This function returns a table from the dataset.

Parameters:

Name Type Description Default
key str

The name of the table, prefixed with "table/".

required

Raises:

Type Description
KeyError

If the table is not found.

Returns:

Type Description
Union[DataFrame, DataFrame]

Union[pd.DataFrame, pl.DataFrame]: The table.

Examples:


Load a table from the dataset into memory:

>>> dataset = Dataset("bladesight-data/intro_to_btt/intro_to_btt_ch02.db")
>>> df_table = dataset["table/dataset_1"]
Source code in bladesight/dataset_handler.py
def __getitem__(self, key: str) -> Union[pd.DataFrame, pl.DataFrame]:
    """ This function returns a table from the dataset.

    Args:
        key (str): The name of the table, prefixed with "table/".

    Raises:
        KeyError: If the table is not found.

    Returns:
        Union[pd.DataFrame, pl.DataFrame]: The table.

    Examples:
    ---------
        Load a table from the dataset into memory:

        >>> dataset = Dataset("bladesight-data/intro_to_btt/intro_to_btt_ch02.db")
        >>> df_table = dataset["table/dataset_1"]
    """
    table_name = key.replace("table/", "")
    if table_name in self.tables:
        return _read_sql(
            self.path,
            f"SELECT * FROM {table_name};", 
            return_mode=self.dataframe_library
        )
    else:
        raise KeyError(
            f"Table {table_name} not found. These are the tables in the dataset: {self.tables}"
        )

__repr__()

Show the dataset and its tables.

Returns:

Name Type Description
str str

The dataset and its tables in a string.

Source code in bladesight/dataset_handler.py
def __repr__(self) -> str:
    """Show the dataset and its tables.

    Returns:
        str: The dataset and its tables in a string.
    """
    table_string = "[\n"
    for table in self.tables:
        table_string += f"\t'table/{table}',\n "
    table_string += "]"
    return f"Dataset({self.path}),\n\n Tables: \n {table_string}"

print_citation()

Print the citation provided in the metadata table.
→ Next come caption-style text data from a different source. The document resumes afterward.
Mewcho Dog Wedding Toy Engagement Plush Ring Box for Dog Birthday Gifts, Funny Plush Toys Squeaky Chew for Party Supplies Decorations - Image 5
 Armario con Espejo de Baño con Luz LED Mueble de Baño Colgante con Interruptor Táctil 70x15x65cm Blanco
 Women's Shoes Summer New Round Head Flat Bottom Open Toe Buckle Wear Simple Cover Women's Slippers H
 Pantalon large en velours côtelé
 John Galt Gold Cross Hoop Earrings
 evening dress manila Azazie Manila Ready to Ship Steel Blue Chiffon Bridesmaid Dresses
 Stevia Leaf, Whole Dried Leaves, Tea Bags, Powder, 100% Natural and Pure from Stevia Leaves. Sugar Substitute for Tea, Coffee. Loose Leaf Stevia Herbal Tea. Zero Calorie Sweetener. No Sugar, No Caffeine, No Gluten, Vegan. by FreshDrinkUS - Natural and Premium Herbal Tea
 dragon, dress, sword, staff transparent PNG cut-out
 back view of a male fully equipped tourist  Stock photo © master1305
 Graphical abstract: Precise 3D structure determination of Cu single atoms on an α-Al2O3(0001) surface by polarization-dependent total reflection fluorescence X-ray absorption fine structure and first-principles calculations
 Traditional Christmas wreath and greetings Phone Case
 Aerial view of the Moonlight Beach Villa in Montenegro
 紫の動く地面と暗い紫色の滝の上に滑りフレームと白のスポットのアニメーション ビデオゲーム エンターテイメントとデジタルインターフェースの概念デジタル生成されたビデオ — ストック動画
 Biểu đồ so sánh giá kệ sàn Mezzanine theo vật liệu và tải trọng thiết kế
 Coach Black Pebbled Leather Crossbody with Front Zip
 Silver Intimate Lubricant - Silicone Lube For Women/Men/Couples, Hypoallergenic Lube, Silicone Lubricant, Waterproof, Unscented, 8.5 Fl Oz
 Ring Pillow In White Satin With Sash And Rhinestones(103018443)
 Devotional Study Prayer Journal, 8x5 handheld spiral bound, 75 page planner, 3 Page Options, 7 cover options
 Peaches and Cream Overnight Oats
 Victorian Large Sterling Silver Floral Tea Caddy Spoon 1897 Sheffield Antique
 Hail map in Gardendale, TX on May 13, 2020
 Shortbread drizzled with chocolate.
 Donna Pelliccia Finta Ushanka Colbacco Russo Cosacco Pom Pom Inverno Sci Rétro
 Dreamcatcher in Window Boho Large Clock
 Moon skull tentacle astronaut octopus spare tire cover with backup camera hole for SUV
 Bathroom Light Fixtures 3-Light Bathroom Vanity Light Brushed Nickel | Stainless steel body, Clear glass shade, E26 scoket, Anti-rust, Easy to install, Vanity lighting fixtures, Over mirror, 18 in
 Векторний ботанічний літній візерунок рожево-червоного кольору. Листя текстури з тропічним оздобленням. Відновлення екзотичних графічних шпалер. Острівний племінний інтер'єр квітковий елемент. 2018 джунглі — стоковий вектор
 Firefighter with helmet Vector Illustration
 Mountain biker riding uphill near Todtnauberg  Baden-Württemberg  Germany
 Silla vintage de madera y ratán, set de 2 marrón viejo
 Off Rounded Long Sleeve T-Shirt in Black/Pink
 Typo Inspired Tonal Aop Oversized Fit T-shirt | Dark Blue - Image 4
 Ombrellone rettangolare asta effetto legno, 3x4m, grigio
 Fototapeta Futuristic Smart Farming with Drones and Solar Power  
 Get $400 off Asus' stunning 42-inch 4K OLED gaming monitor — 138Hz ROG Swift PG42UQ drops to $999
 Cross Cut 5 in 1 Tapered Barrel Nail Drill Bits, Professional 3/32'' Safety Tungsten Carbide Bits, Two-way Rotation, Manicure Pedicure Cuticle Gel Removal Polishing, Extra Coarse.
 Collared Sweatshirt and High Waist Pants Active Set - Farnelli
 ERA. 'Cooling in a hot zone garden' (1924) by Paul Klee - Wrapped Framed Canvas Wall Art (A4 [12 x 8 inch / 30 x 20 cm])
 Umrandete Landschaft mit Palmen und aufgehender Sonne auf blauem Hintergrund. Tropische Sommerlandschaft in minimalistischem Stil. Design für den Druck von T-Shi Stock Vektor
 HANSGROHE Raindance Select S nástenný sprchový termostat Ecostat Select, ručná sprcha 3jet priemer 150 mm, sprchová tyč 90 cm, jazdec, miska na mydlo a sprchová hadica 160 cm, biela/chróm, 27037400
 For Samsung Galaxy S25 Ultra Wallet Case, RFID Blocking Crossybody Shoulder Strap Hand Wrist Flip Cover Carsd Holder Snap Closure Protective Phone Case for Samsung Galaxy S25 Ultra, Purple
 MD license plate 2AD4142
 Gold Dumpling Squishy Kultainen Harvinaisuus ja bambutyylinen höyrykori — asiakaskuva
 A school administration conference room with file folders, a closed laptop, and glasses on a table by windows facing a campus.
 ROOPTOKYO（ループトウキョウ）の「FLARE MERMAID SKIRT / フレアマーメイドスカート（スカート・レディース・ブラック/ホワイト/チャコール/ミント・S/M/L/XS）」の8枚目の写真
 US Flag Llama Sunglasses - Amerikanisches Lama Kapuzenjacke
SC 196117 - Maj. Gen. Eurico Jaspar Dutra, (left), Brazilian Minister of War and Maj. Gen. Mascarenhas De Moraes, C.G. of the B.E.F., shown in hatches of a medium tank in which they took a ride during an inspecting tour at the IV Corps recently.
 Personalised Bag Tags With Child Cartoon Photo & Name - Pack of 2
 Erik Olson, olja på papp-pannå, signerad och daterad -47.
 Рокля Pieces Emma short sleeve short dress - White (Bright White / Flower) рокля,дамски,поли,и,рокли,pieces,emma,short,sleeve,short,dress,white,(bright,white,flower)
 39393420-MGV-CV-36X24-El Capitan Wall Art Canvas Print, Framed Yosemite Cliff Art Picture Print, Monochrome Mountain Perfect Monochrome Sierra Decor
Source code in bladesight/dataset_handler.py
def print_citation(self):
    """Print the citation provided in the metadata table."""
    print(_get_printable_citation(self.metadata))

set_dataframe_library(library)

This function sets the dataframe library to use when returning data.

Parameters:

Name Type Description Default
library Literal['pd', 'pl']

The dataframe library to use.

required

Raises:

Type Description
ValueError

If the library is not 'pd' or 'pl'.

Examples:


Set the dataframe library to polars.

>>> dataset = Dataset("bladesight-data/intro_to_btt/intro_to_btt_ch02.db")
>>> dataset.set_dataframe_library("pl")
Source code in bladesight/dataset_handler.py
def set_dataframe_library(self, library: Literal["pd", "pl"]):
    """This function sets the dataframe library to 
    use when returning data.

    Args:
        library (Literal['pd', 'pl']): The dataframe library to use.

    Raises:
        ValueError: If the library is not 'pd' or 'pl'.

    Examples:
    ---------
        Set the dataframe library to polars.

        >>> dataset = Dataset("bladesight-data/intro_to_btt/intro_to_btt_ch02.db")
        >>> dataset.set_dataframe_library("pl")
    """
    if library in ["pd", "pl"]:
        self.dataframe_library = library
    else:
        raise ValueError("library must be 'pd' or 'pl'")    

download_dataset_from_bladesight_data(dataset_path_on_s3)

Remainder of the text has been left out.